As a subprime higher education company, National American University Holdings (NAUH) has avoided media and agency scrutiny for years.

NAUH has mortgaged their real estate assets to stay afloat, to the tune of $8M, a big number for a small cap company.

NAUH has been losing money since 2015, with no end in sight.

Share price has been at or near $1 delisting price since March 2018.

NAUH has only one major investor left, T. Rowe Price.

NAUH and the Subprime College Crash

While subprime college college companies like Corinthian Colleges (COCO), Apollo Group (NASDAQ:APOL), DeVry University (DV), ITT Educational Services (ESI), and Education Management Corporation (EDMC) made the greatest profits and the greatest losses over the last two to three decades, National American University Holdings (NAUH) has been flying under the radar.  

The reason for so little attention: NAUH is a small cap company with about 35 small ground campuses. Their campuses are spread out across the US West and Midwest, including Ellsworth Air Force Base near Rapid City, South Dakota.

The company also has a few real estate holdings in South Dakota. 

NAUH's shares have never risen to the heights of other subprime colleges that have already crashed.  Its peak was $12--more than eight years ago.  

Downward Trajectory

NAUH has made some money by scavenging from other failed schools, such as Everest (once part of Corinthian Colleges) and Westwood College. But overall it has been on a three-year streak of earnings losses. NAUH's last reported gains were in February 2015. 

Revenues are also down, way down. According to NAUH's last quarterly report, "FY 2018 annual revenues were $77.2 million, compared to $86.6 million in the prior year."  

It Gets Worse

National American may gain some attention--in a bad way--because it shows few signs that it can survive. As part of its cost cutting, almost all of NAU's students are now online, which usually results in lower graduation rates--and more students who cannot repay their student loans.

According to the National Center for Education Statistics, NAUH's 3-year student loan default rate is 24%. Their graduation rate is 13-35%, depending on the campus.  Worse yet, NAUH is targeting service members and veterans even more as the company lies at the brink of delisting.  That's something that could get negative media attention. 

In 2018, NAUH has been forced to mortgage its properties for $8M. The loan is with Black Hills Community Bank.
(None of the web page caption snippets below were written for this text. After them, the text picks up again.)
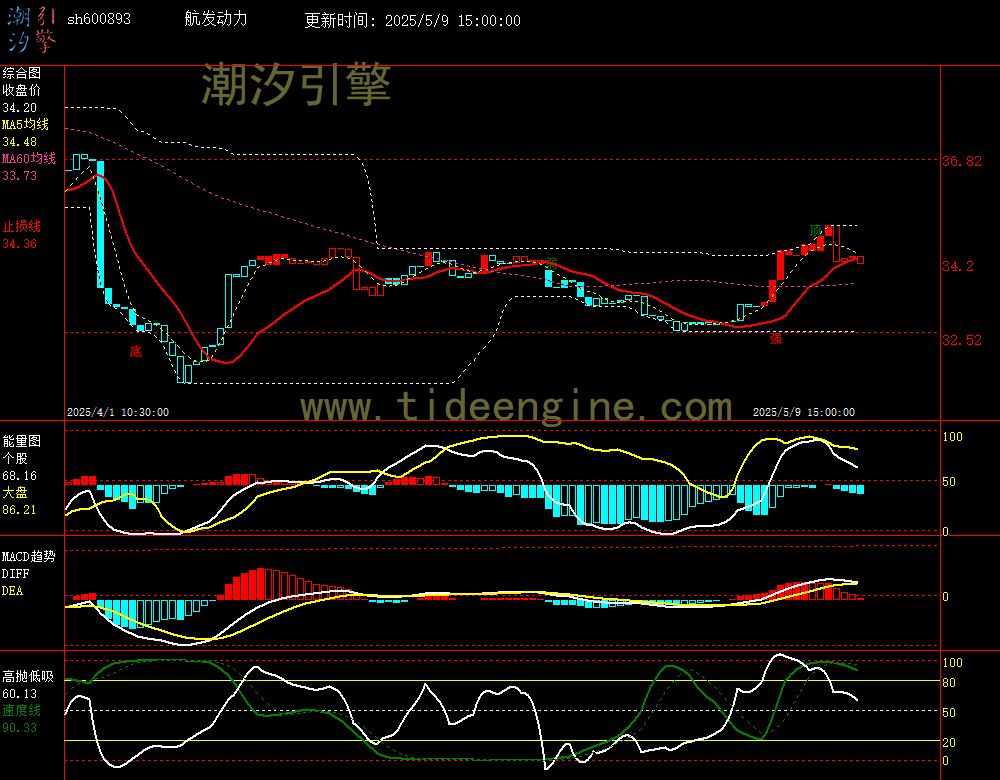 sh600893_60M.jpg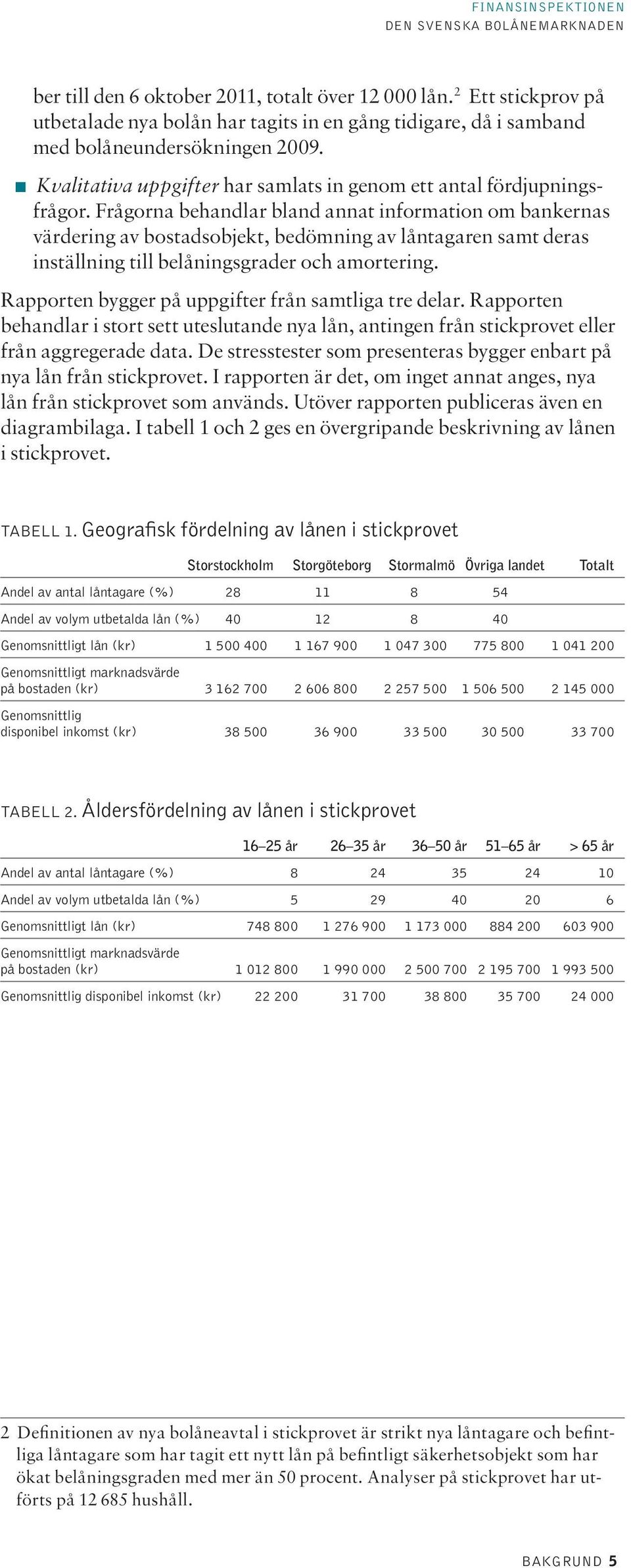 Frågorna behandlar bland annat information om bankernas värdering av bostadsobjekt, bedömning av låntagaren samt deras inställning till belåningsgrader och amortering.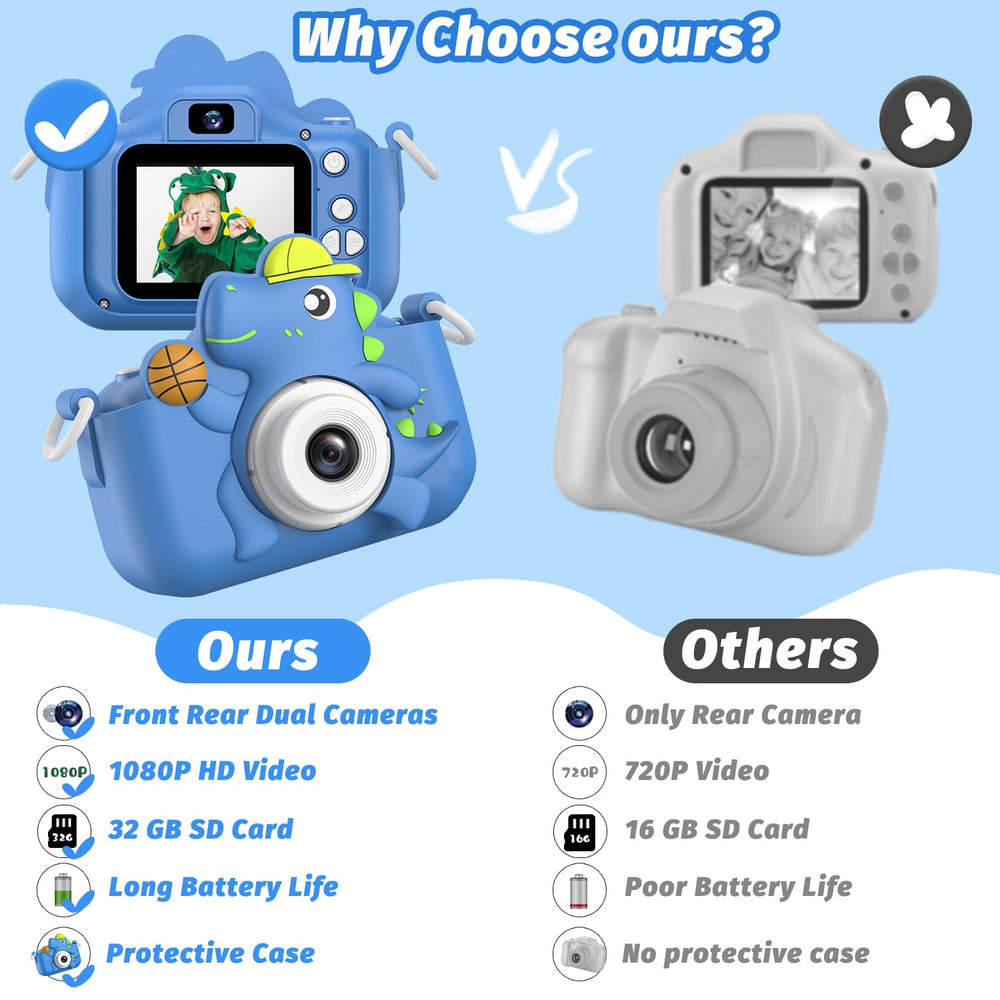 Masterbee kids camera toy with lanyard for safe carry on outings and trips.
While the conditions may be favorable, maybe too favorable, business deals like this sound reminiscent of ITT Educational Services before they failed two years ago. 

At this point, only one investor stands between NAUH and delisting--T. Rowe Price, a huge company that can afford to lose a little money in spots.  But with all other institutional investors out, how long will T. Rowe Price keep their shares? 


  • National American University Holdings has been on the brink of delisting for most of 2018.
  • NAUH has been on an earnings losing streak for more then three years.
  • Revenues continue to crater and cost cutting will result in worsening student outcomes.
  • NAUH faces debt payments in 2019 that are favorable, but that indicate a failing company.
  • Only one investor, T. Rowe Price, stands between NAUH and delisting.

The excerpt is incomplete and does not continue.